Par Marine Dessaux | Le | Concours/recrutement

Deux ans après la mise en place du repyramidage, les postes de professeurs des universités ouverts ont presque tous été pourvus. Cependant, les fléchages du ministère, qui devaient permettre d’atteindre un ratio de 40 % de PR d’ici 2025, n’ont pas tous été respectés. Résultat : des sections disciplinaires déficitaires n’ont bénéficié que de peu de repyramidages quand d’autres ont déjà atteint la cible. Décryptage et pistes d’explication.

772 ont été effectués sur les 800 repyramidages programmés sur 2021 et 2022. - © France Universités/Université de Franche-Comté
772 ont été effectués sur les 800 repyramidages programmés sur 2021 et 2022. - © France Universités/Université de Franche-Comté

Le « repyramidage » chez les enseignants-chercheurs consiste à créer une nouvelle voie de promotion pour 2 000 maîtres de conférences (MCF) vers un statut de professeurs d’université (PR). Un dispositif validé par un accord signé le 12 octobre 2020 en marge de la Loi programmation de la recherche (LPR) par des syndicats, organisations représentatives et organismes de recherche (SNPTES-Unsa, Unsa éducation, Sgen-CFDT, France Universités, CNRS, Inserm, Inria et Inrae).

L’heure est aujourd’hui au bilan. Un document, diffusé par le ministère de l’enseignement supérieur et la recherche (MESR) avant une réunion du comité de suivi de l’accord relatif à l’amélioration des rémunérations et des carrières, le 12 avril dernier, permet d’y voir plus clair. 

33,3 % de professeurs sur un objectif de 40 %

Après un retard initial du repyramidage en 2021, ce dernier est rattrapé en 2022 avec 772 promotions effectuées sur 800 en deux ans. « Nous allons vers une stabilité des processus et de leur déroulement en 2023 », estime aussi le MESR.

Alors que l’objectif national est d’atteindre un taux moyen de 40 % de professeurs d’ici à 2025, la proportion globale fin 2022 atteint 33,3 % soit 1,8 point de plus par rapport à la situation avant la première campagne de repyramidage. D’ores et déjà, le ministère note que l’objectif ne sera pas atteint malgré les 2 000 promotions prévues.

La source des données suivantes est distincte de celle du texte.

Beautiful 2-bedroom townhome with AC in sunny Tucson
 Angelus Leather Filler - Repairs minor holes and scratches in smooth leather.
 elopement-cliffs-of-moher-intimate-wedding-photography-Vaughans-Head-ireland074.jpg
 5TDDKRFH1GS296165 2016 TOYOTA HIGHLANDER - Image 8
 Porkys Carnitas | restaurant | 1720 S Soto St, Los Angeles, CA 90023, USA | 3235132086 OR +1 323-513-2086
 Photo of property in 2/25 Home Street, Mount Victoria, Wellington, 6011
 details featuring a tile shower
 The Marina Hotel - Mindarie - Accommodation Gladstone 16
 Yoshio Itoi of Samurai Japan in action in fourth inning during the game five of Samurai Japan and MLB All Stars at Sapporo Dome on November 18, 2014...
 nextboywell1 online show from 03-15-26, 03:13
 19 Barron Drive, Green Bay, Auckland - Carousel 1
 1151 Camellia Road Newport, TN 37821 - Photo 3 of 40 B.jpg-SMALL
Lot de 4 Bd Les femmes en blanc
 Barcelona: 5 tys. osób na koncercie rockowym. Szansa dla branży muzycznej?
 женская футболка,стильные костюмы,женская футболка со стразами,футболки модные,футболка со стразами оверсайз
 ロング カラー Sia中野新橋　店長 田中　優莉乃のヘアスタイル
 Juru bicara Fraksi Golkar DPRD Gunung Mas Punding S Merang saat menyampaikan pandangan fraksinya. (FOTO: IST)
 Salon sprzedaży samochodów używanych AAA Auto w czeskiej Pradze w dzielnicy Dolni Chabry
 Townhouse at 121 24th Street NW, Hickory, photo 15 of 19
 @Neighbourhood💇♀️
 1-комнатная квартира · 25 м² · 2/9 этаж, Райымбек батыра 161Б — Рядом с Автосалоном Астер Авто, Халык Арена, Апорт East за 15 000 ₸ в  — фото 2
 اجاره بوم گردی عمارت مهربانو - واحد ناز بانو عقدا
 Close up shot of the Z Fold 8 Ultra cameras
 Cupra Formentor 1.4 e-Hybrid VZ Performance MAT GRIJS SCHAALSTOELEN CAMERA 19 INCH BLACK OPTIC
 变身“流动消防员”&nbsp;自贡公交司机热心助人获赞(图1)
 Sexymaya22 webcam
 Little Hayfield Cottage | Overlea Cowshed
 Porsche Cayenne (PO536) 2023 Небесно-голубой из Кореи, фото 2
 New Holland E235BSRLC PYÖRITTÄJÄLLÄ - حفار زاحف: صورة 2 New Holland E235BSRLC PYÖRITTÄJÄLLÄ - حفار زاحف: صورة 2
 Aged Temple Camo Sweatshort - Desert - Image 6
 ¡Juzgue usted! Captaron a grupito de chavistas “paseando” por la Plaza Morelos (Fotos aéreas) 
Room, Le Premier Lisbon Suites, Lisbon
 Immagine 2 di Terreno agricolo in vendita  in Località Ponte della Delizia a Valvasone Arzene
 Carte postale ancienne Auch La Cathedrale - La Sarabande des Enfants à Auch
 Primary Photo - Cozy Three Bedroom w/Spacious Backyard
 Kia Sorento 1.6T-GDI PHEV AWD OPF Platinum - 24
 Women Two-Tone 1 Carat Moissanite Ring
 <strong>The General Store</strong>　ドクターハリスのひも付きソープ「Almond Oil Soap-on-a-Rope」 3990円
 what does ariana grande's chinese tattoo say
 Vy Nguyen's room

Malgré tout, « le bilan est globalement satisfaisant », estime Jérôme Giordano, chargé de mission ESR pour le syndicat Unsa Éducation.

Les « gagnants » et « perdants »

Le repyramidage est un enjeu important pour les établissements, particulièrement dans des disciplines où le nombre de maîtres de conférences est élevé et les possibilités d’évolution faibles… Une situation qui crée des frustrations au fil des années. 

Du côté des universités, taille et repyramidage ne sont pas toujours synonymes

Pour quatre ans, les établissements les mieux dotés, avec plus de 45 postes de professeurs par la voie du repyramidage sont : l’Université de Lille (74), Aix-Marseille Université (71), l’Université de Lorraine (68), l’Université Grenoble Alpes (53), l’Université Paris Cité (49) et Sorbonne Université (46).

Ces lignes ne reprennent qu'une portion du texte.